[What this task involves]
Please give the number of lines in the records below where the word "Drive" occurs, and nothing else.

Crawled caption data
══════════

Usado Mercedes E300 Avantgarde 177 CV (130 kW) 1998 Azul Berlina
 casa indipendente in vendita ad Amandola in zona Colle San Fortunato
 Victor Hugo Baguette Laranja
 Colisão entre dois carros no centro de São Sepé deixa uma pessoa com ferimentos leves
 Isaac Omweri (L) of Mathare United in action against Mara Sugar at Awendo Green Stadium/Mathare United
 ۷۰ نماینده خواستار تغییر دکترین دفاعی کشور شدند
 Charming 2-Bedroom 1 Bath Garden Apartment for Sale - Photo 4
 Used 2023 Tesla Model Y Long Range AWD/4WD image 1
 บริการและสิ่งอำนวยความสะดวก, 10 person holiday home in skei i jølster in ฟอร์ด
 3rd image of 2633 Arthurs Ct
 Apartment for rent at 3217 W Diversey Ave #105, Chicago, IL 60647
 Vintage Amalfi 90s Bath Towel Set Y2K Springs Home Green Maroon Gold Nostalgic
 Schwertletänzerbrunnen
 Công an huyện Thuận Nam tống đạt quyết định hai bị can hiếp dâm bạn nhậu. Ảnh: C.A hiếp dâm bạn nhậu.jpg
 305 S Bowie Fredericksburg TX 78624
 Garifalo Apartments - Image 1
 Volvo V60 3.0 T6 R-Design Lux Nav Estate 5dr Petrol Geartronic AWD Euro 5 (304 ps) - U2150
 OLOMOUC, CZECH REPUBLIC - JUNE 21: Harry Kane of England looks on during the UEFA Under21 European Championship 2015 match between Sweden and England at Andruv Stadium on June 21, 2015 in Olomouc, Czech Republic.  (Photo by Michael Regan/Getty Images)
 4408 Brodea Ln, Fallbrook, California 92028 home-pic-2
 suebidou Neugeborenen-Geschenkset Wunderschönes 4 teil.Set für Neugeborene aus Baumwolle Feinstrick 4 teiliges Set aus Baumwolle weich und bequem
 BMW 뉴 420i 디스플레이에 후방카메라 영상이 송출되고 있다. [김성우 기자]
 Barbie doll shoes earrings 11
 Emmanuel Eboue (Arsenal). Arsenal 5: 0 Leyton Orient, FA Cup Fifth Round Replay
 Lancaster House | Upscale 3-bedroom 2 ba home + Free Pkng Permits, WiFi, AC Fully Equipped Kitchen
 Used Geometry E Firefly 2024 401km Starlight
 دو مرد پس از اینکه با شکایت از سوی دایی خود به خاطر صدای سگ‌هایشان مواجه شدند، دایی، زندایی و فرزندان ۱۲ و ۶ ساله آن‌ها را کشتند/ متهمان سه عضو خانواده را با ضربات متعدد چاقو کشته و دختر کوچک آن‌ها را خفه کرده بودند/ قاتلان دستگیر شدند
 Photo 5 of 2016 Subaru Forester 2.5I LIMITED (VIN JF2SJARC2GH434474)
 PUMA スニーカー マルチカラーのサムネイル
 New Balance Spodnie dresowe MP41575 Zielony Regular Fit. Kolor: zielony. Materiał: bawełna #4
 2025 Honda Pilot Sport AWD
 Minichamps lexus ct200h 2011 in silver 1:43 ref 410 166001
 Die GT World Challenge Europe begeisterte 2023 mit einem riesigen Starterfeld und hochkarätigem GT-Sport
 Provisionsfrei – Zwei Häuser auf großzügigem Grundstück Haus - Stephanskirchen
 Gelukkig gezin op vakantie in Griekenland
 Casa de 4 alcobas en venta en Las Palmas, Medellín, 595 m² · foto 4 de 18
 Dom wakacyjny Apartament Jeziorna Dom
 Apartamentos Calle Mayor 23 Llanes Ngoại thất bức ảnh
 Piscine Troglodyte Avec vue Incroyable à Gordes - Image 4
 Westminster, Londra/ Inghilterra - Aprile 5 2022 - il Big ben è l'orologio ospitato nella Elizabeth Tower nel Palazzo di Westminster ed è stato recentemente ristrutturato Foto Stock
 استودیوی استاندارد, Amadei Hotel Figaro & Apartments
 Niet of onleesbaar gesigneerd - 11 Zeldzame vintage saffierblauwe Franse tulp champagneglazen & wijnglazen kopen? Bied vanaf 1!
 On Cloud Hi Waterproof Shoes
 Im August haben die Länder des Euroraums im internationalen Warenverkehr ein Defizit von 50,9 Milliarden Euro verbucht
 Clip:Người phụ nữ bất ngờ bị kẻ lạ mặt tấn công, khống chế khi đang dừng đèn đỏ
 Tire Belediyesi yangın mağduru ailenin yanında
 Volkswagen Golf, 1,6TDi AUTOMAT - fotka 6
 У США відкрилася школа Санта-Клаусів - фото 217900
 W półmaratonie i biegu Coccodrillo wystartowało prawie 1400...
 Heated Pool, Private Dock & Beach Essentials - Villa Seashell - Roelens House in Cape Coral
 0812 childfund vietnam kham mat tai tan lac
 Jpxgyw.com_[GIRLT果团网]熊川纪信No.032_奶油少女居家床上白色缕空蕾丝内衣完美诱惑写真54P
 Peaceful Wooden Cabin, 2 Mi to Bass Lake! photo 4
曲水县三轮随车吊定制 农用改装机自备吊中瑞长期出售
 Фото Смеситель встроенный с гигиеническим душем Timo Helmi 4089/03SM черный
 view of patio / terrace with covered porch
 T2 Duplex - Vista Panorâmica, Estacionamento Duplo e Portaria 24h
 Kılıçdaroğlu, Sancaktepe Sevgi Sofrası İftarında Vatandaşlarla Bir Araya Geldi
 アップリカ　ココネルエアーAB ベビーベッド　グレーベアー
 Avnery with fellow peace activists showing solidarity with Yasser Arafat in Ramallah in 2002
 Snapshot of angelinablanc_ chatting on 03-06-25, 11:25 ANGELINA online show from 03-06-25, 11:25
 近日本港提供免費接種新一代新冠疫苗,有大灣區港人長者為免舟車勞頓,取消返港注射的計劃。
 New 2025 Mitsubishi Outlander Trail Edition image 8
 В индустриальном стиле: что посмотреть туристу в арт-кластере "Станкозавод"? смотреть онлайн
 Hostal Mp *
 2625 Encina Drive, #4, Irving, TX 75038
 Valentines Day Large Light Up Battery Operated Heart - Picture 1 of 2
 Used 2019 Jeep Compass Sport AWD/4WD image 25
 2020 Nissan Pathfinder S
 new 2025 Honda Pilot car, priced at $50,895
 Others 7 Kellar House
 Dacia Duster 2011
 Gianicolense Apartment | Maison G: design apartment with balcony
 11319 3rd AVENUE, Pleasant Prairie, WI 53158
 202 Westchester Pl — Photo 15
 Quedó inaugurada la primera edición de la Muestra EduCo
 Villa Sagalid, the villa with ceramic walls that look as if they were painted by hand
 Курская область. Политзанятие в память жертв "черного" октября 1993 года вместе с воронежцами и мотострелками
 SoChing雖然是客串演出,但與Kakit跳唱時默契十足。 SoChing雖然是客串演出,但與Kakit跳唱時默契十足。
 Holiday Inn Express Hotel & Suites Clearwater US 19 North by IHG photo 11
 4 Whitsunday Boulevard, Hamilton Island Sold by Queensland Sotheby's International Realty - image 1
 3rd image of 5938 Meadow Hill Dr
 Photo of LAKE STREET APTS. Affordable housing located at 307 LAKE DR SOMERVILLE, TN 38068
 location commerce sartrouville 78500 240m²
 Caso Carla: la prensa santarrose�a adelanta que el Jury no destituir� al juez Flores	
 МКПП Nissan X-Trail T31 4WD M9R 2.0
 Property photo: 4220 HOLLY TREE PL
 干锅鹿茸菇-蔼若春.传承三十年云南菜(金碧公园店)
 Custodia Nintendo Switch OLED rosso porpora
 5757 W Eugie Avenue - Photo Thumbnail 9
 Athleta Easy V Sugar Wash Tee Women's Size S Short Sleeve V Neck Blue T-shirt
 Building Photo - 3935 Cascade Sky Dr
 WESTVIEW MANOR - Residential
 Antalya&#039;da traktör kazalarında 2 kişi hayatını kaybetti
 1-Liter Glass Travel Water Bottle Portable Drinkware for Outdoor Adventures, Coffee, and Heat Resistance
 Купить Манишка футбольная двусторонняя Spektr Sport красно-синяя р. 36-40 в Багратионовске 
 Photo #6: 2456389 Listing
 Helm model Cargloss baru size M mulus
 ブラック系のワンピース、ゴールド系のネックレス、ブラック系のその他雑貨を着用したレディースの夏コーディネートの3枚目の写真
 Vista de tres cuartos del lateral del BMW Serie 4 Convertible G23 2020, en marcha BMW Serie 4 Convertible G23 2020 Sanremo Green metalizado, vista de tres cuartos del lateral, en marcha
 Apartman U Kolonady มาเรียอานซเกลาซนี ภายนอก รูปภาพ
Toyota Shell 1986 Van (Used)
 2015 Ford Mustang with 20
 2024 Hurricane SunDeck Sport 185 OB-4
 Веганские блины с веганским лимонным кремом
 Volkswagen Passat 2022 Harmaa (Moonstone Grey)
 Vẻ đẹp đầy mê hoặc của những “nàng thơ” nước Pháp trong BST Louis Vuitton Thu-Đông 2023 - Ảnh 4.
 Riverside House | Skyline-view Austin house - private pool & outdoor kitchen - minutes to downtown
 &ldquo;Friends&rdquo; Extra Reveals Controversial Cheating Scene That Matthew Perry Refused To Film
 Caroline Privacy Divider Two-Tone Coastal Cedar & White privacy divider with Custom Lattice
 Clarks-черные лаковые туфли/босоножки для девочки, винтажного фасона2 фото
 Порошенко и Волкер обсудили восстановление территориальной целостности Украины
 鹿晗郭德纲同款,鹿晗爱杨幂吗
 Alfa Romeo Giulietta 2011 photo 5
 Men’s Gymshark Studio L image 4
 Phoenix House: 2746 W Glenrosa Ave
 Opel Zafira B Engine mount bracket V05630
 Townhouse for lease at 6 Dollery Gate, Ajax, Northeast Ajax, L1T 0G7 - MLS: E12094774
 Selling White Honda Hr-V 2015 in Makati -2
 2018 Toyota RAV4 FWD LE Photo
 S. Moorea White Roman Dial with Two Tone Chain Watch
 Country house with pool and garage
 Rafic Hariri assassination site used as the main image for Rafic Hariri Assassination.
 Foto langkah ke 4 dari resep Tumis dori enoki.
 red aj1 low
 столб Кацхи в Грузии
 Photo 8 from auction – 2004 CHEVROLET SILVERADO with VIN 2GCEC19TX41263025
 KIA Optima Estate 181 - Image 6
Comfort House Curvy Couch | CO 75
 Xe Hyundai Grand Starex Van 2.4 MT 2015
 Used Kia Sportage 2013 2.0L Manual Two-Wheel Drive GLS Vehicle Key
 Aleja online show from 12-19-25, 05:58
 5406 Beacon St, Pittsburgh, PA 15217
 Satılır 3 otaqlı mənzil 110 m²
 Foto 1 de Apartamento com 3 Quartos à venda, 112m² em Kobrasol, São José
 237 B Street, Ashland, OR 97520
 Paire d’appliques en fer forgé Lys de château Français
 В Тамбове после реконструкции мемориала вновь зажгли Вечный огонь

══════════

[Output]
2